[Task instructions] The copy should hold exactly the lines below from the one that contains "lot 3 image: Mark" through the one that contains "Rule 34 | 1girl, absurdres, azur" and nothing else, so no pictures.

[Data listing]

-------------------------

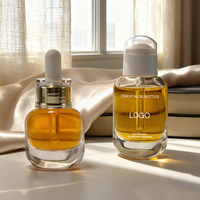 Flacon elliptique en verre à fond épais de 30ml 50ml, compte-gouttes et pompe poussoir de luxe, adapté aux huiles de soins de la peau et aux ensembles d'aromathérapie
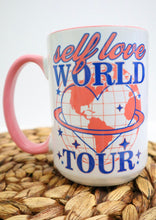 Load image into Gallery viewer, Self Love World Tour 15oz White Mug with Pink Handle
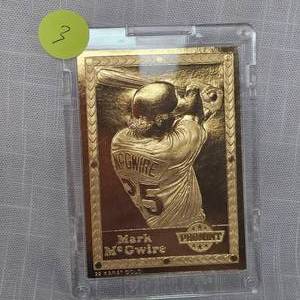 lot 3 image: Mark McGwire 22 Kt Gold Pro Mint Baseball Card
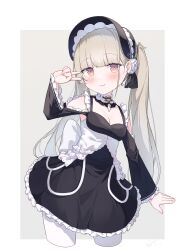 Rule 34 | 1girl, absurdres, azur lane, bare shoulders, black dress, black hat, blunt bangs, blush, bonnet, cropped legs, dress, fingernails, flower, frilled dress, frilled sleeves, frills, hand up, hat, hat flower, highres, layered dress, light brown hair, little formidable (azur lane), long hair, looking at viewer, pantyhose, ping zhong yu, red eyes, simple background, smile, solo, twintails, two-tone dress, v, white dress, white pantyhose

-------------------------

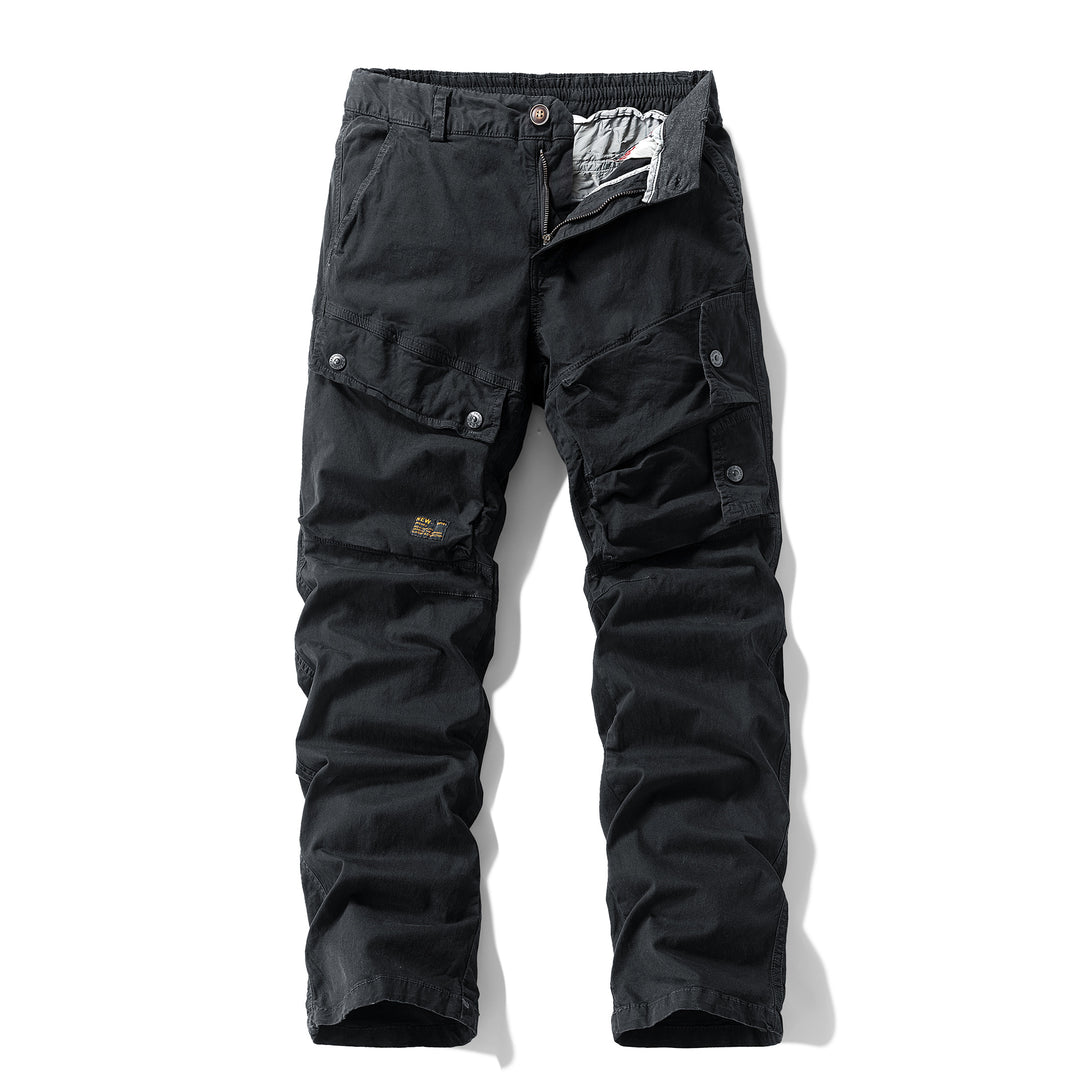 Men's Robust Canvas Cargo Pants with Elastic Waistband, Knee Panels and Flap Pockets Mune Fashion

-------------------------

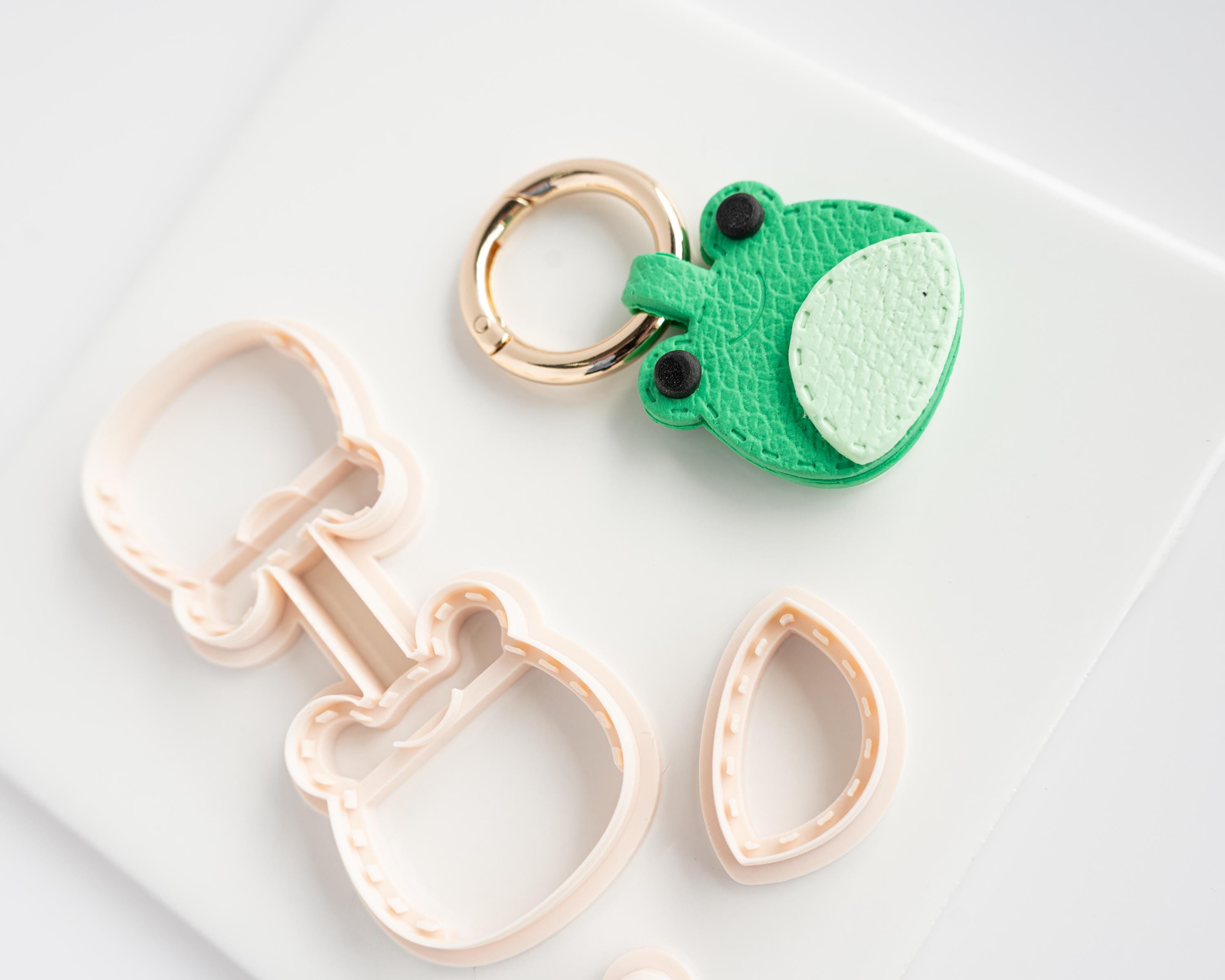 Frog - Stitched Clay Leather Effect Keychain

-------------------------

[Problem solution]
 lot 3 image: Mark McGwire 22 Kt Gold Pro Mint Baseball Card
 Rule 34 | 1girl, absurdres, azur lane, bare shoulders, black dress, black hat, blunt bangs, blush, bonnet, cropped legs, dress, fingernails, flower, frilled dress, frilled sleeves, frills, hand up, hat, hat flower, highres, layered dress, light brown hair, little formidable (azur lane), long hair, looking at viewer, pantyhose, ping zhong yu, red eyes, simple background, smile, solo, twintails, two-tone dress, v, white dress, white pantyhose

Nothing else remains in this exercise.